I have been wanting to make pumpernickel bread for years.  I have found recipe after recipe but none of them really caught my attention.  After having such great success with Smitten Kitchen’s New York Deli Style Rye Bread, a few weeks ago I thought it would be great to try Deb’s Black Bread recipe.

Russian Black Bread is similar to Pumpernickel but it has a slightly different taste and a few extra ingredients.  Russian black bread consists of seventeen ingredients.  It contains three different types of flour, chocolate, espresso, shallots, caraway and fennel seeds, did you get all that 🙂  It is extremely fragrant when baking and will fill your home with a lovely warm aroma.  According to Deb, Russians butter the black bread, top it with caviar and then slug back a shot of ice cold vodka and then dart off to work.  I’m not so tough.  This bread is delightful for sandwiches or simply toasted and lightly buttered.

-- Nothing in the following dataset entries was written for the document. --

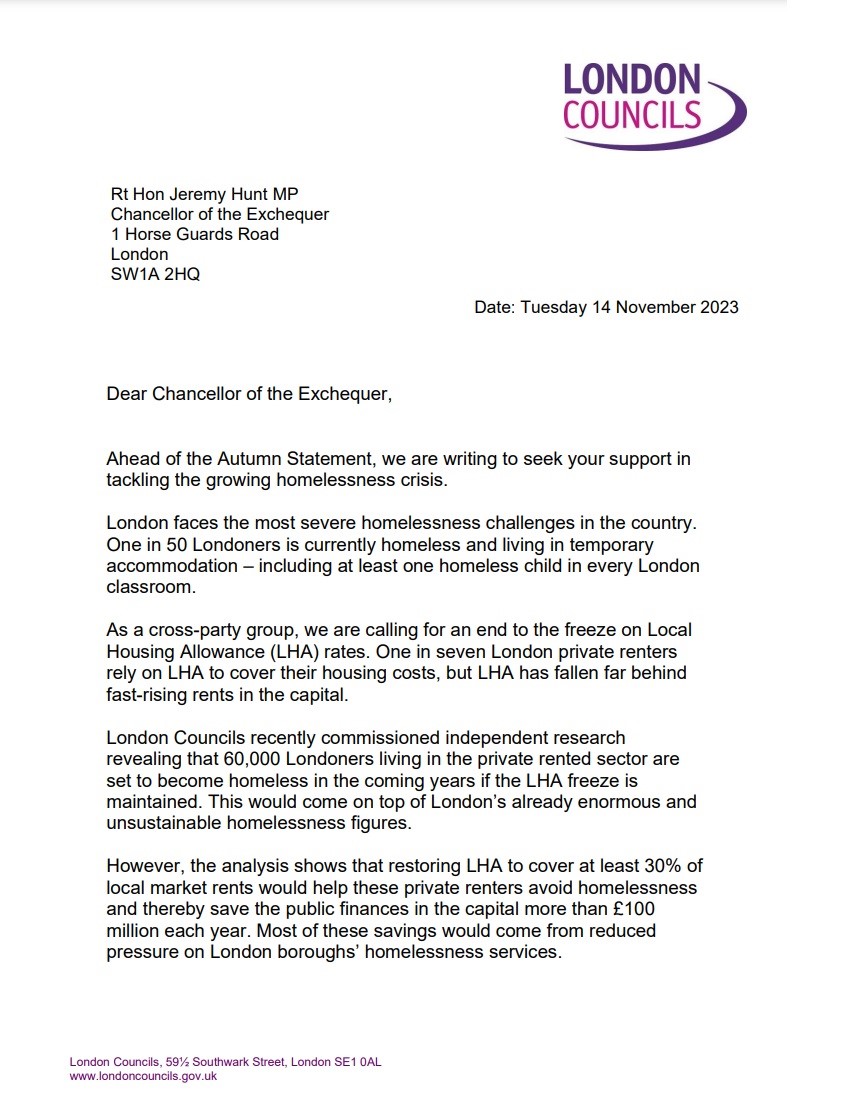 londoncouncils's tweet image. Ending the freeze on Local Housing Allowance is the single fastest way the government can reverse the deeply concerning rise in homelessness in London and across the country. 

Ahead of next week's #AutumnStatement, we've sent a cross-party letter to @Jeremy_Hunt urging an…
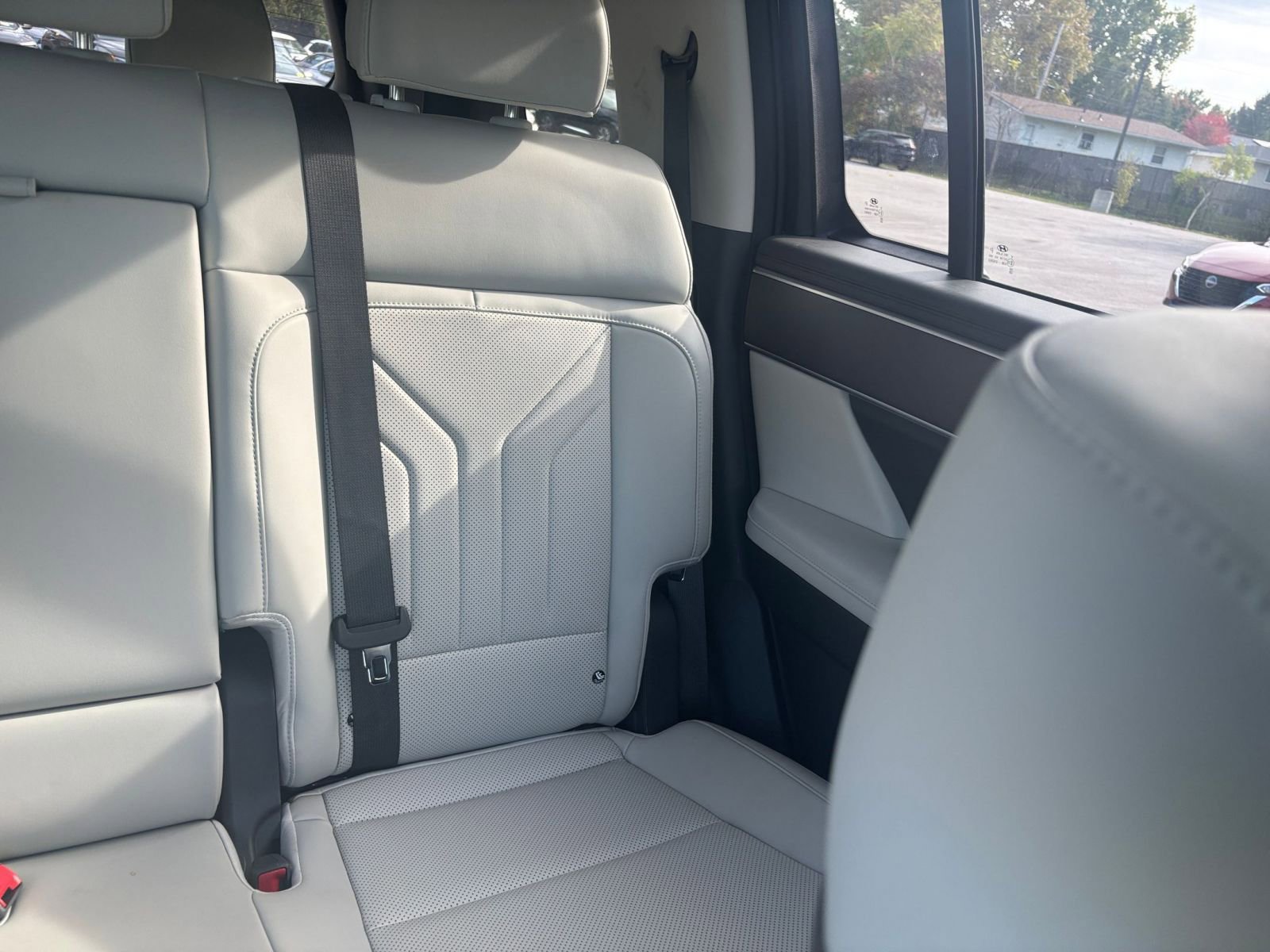 Used 2025 Hyundai Santa Fe SEL image 35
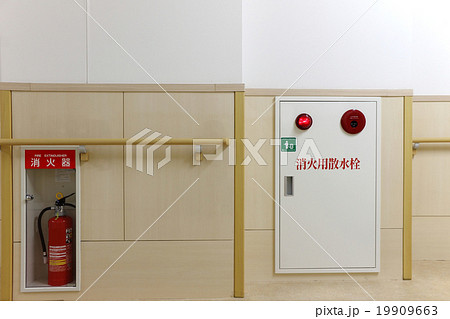 消火栓ボックスの写真素材 - PIXTA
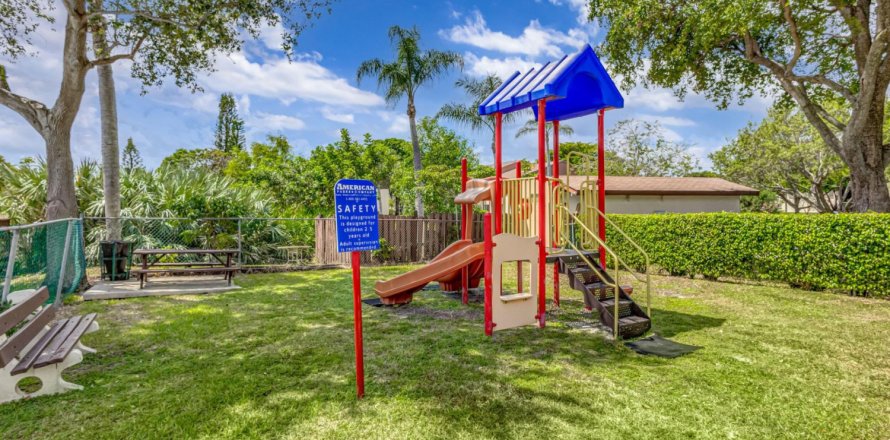 Condo in West Palm Beach, Florida, 2 bedrooms № 1160814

This recipe did give me a little grief.  I made it twice because the first time I killed the yeast when I added the chocolate mixture to the yeast and flour.  It is not stated in the recipe but you should allow the chocolate mixture to cool before adding it to the yeast as it will cause your yeast to rest in peace.  Aside, from that this bread is definitely going to become a regular in our home 🙂

Russian Black Bread

¾ tablespoon active dry yeast
Pinch of sugar
¼ cup warm water (105 to 115 degrees)
1 cup water
2 tablespoons molasses
2 tablespoons apple cider vinegar
2 tablespoons butter
1 ounce unsweetened chocolate
¼ cup whole-wheat flour
1 ½ cups medium rye flour
1 ½  cups bread flour
½ cup bran
1 tablespoon caraway seeds
¼ teaspoon fennel seeds
½ tablespoon salt
½  tablespoon instant espresso powder
½  tablespoon minced shallots

To Prepare

In a small bowl, combine yeast and sugar with warm water. Stir to dissolve and let stand until foamy, about 10 minutes.

Heat 1 cup water, molasses, vinegar, butter and chocolate until the butter and chocolate are melted. Set aside allow this mixture to cool to 105 F-115 F.

Combine whole-wheat, rye and white flours in a large bowl. Set aside.

In bowl of a heavy mixer fitted with a paddle attachment, combine two cups mixed flours, bran, 1 tablespoon caraway seeds, fennel seeds, salt, espresso and shallots. At low speed, add yeast and cooled chocolate mixtures. Mix until smooth and beat at medium
speed for three minutes.

At low speed, add half cup of remaining mixed flours at a time, until dough clears sides of bowl and begins to work its way up paddle. It will be very sticky but firm.

Scrape dough off paddle, flour counter well, and knead to make a springy yet dense dough. You may also, switch the paddle attachment for the dough hook and knead the dough for about 6 minutes until all the dough has come off the sides of the bowl.  If you notice that the dough is still sticking to the bowl simply add a little flour until it comes off clean.  You might not use all of the flour mixture.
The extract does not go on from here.